Image-caption web data ::
..............................

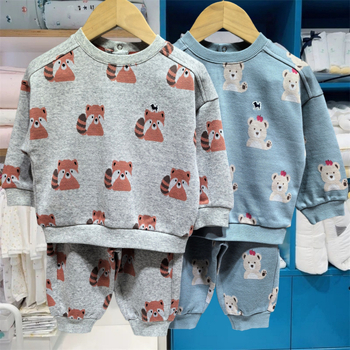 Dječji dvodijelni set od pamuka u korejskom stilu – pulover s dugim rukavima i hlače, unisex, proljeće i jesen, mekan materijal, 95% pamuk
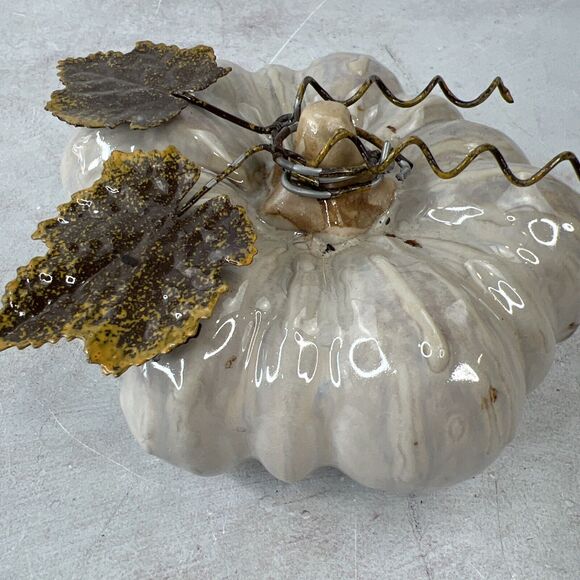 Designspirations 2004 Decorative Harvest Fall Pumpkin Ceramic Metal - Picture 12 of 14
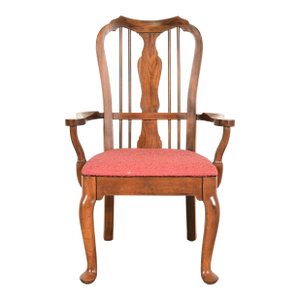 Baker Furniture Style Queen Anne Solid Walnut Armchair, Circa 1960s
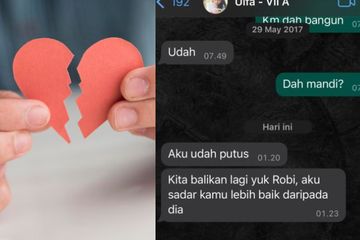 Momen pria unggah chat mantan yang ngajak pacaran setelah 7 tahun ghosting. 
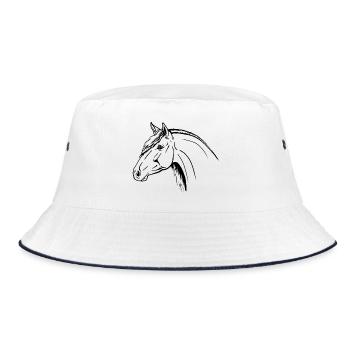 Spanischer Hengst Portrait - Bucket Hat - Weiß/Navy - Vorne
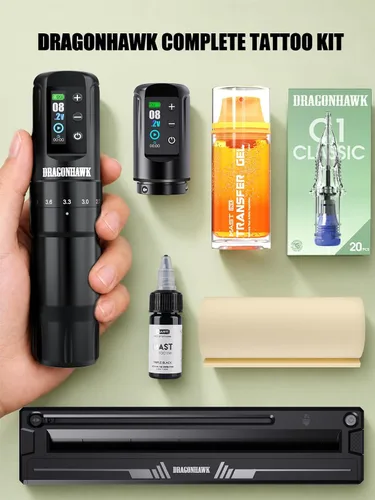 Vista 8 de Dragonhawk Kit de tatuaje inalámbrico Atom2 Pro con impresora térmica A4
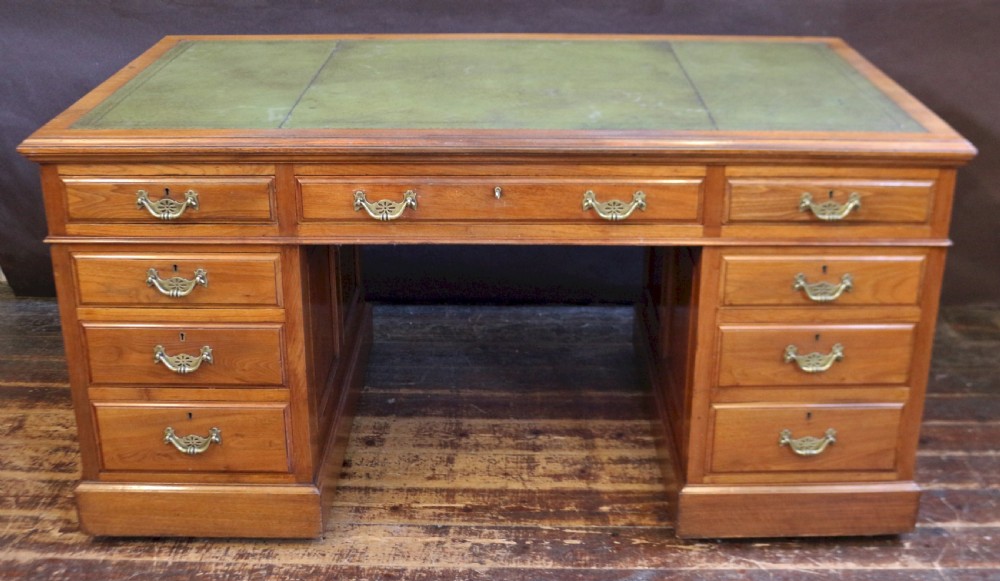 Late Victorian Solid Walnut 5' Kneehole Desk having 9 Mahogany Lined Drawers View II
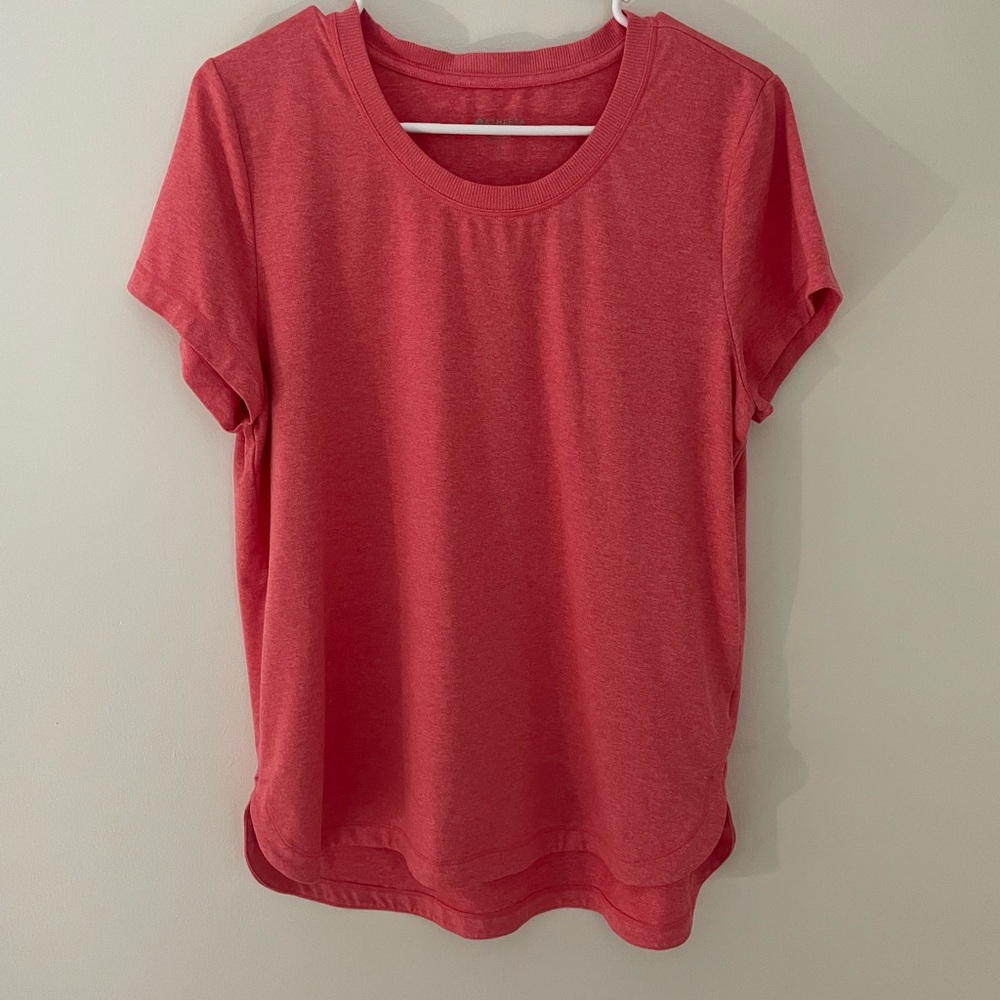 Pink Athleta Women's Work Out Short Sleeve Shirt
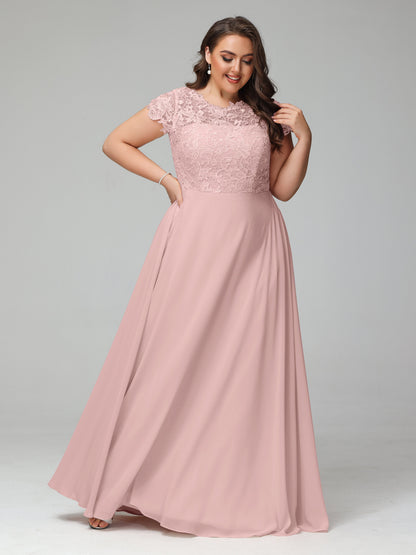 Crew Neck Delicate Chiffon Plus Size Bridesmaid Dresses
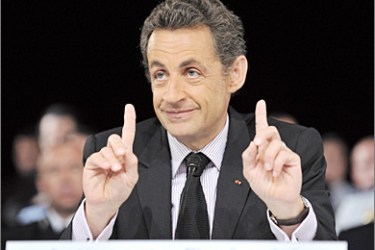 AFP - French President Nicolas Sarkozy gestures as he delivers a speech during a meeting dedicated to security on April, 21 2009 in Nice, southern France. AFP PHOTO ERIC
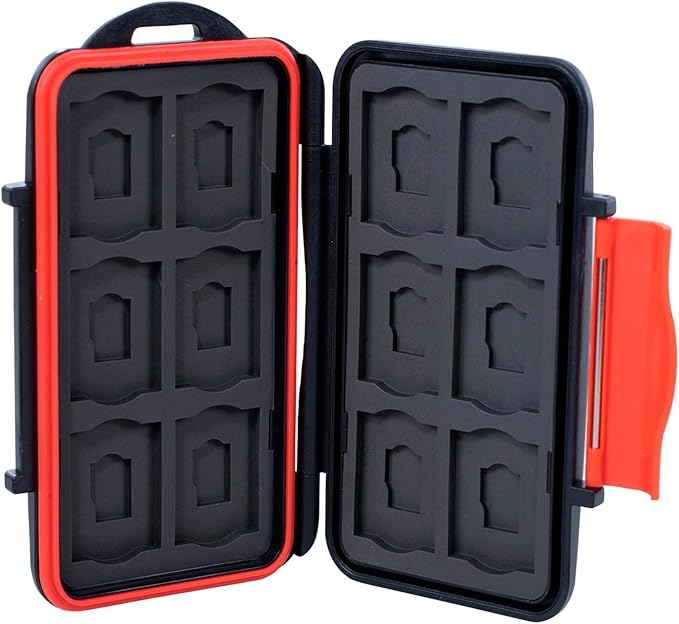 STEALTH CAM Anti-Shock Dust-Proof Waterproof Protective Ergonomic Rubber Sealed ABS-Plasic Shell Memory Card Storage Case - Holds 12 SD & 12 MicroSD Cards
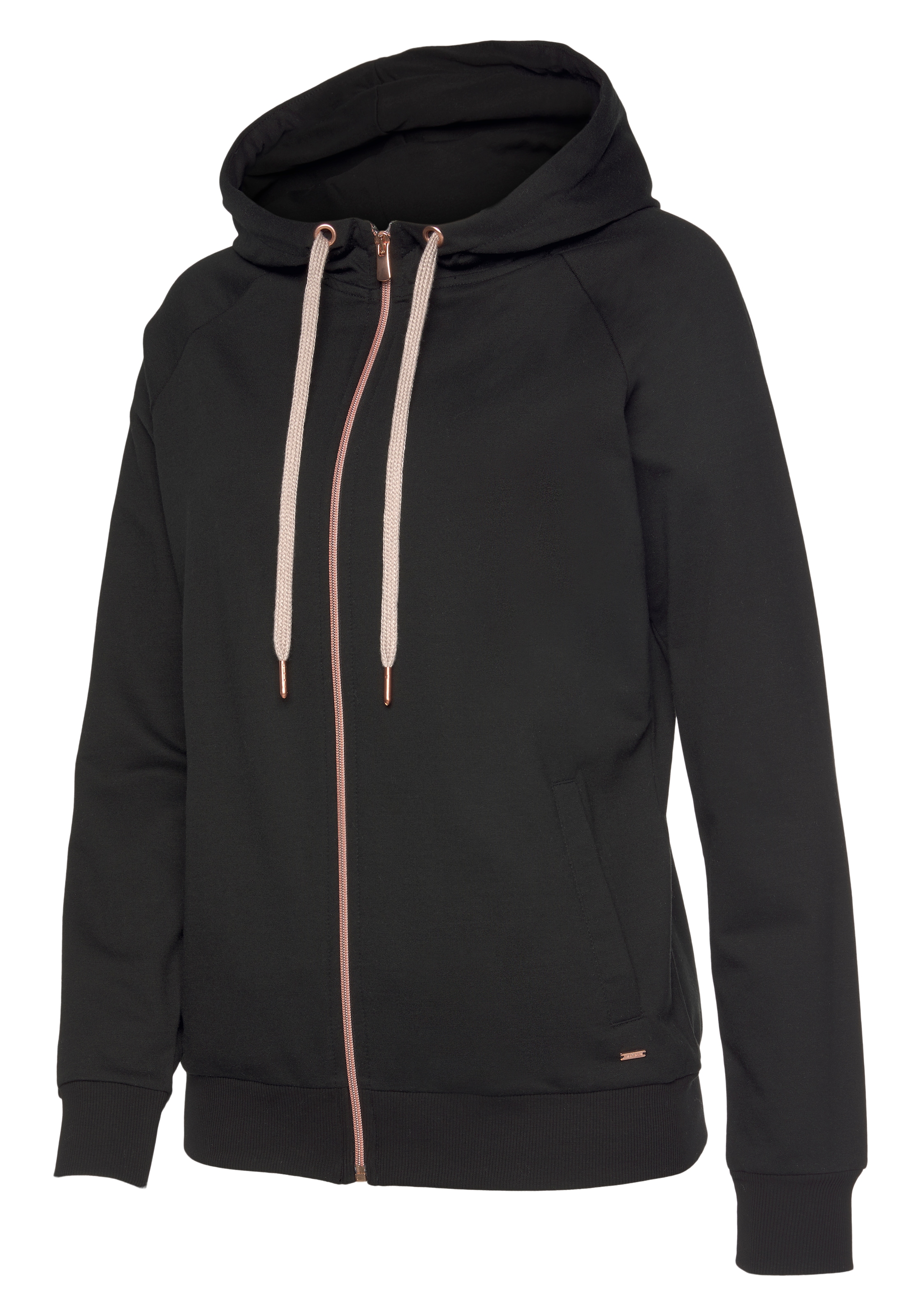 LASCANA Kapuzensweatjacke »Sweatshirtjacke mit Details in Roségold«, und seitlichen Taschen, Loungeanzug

..............................

One exact copy of the data is required, and it should hold no pictures.

ANSWER BELOW ::
 Dječji dvodijelni set od pamuka u korejskom stilu – pulover s dugim rukavima i hlače, unisex, proljeće i jesen, mekan materijal, 95% pamuk
 Designspirations 2004 Decorative Harvest Fall Pumpkin Ceramic Metal - Picture 12 of 14
 Baker Furniture Style Queen Anne Solid Walnut Armchair, Circa 1960s
 Momen pria unggah chat mantan yang ngajak pacaran setelah 7 tahun ghosting. 
 Spanischer Hengst Portrait - Bucket Hat - Weiß/Navy - Vorne
 Vista 8 de Dragonhawk Kit de tatuaje inalámbrico Atom2 Pro con impresora térmica A4
 Late Victorian Solid Walnut 5' Kneehole Desk having 9 Mahogany Lined Drawers View II
 Pink Athleta Women's Work Out Short Sleeve Shirt
 Crew Neck Delicate Chiffon Plus Size Bridesmaid Dresses
 AFP - French President Nicolas Sarkozy gestures as he delivers a speech during a meeting dedicated to security on April, 21 2009 in Nice, southern France. AFP PHOTO ERIC
 STEALTH CAM Anti-Shock Dust-Proof Waterproof Protective Ergonomic Rubber Sealed ABS-Plasic Shell Memory Card Storage Case - Holds 12 SD & 12 MicroSD Cards
 LASCANA Kapuzensweatjacke »Sweatshirtjacke mit Details in Roségold«, und seitlichen Taschen, Loungeanzug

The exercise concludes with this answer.